GIVEN MATERIAL: Begin

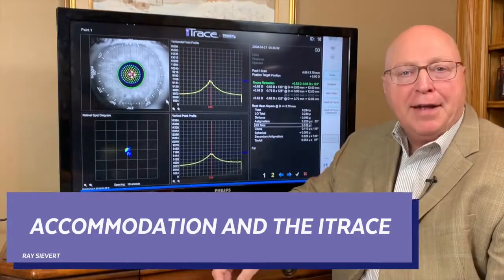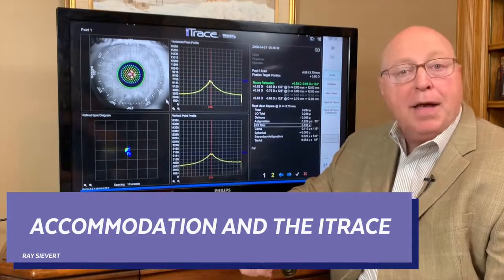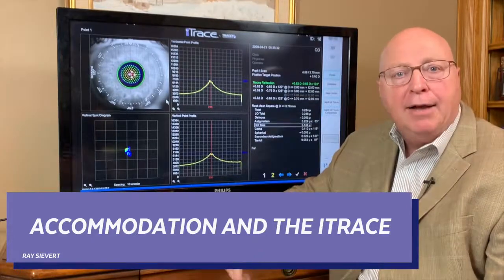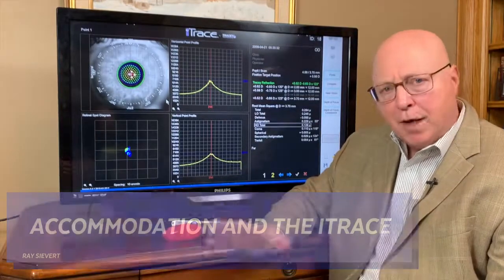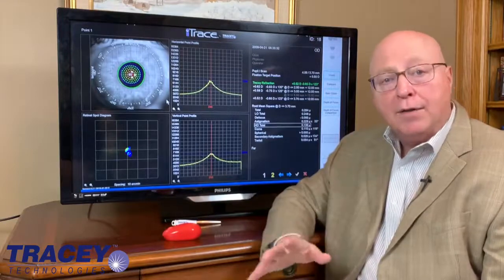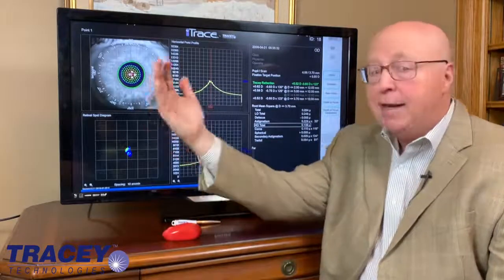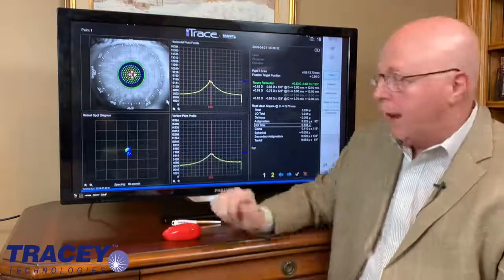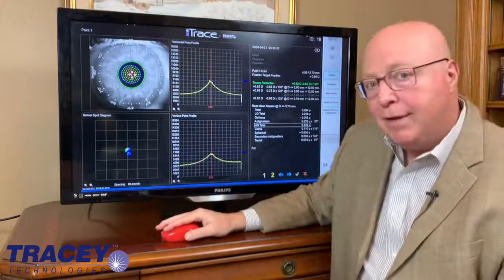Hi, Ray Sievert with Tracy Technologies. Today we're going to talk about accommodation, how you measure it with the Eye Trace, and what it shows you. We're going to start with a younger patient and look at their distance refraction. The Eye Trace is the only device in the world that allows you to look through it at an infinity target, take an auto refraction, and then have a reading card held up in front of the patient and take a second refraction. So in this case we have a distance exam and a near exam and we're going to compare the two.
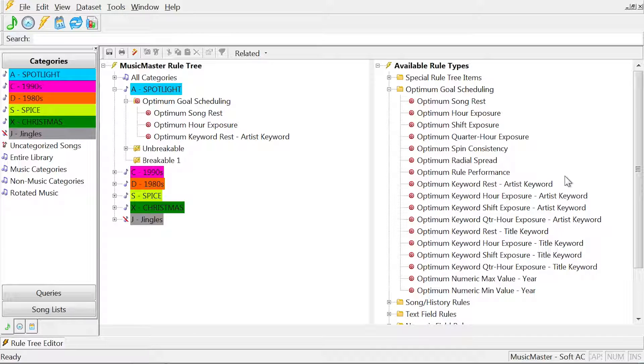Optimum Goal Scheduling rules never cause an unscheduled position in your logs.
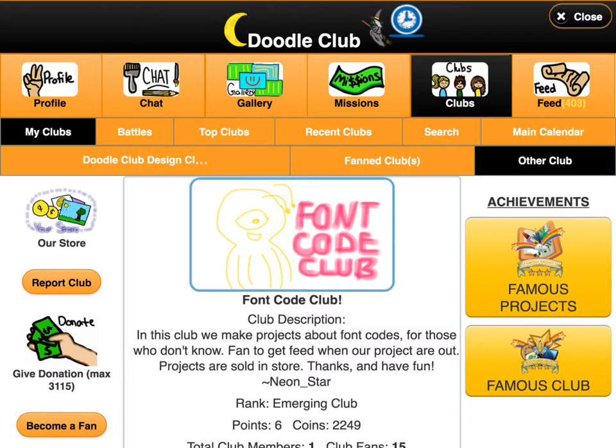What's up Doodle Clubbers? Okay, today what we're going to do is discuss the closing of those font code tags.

GIVEN MATERIAL: End

▶ PROBLEM: Only the lines from the one containing "Optimum Goal Scheduling" through the end of the listing should be output, word for word and inclusive; keep pictures out.

▶ RESPONSE:
Optimum Goal Scheduling rules never cause an unscheduled position in your logs.
What's up Doodle Clubbers? Okay, today what we're going to do is discuss the closing of those font code tags.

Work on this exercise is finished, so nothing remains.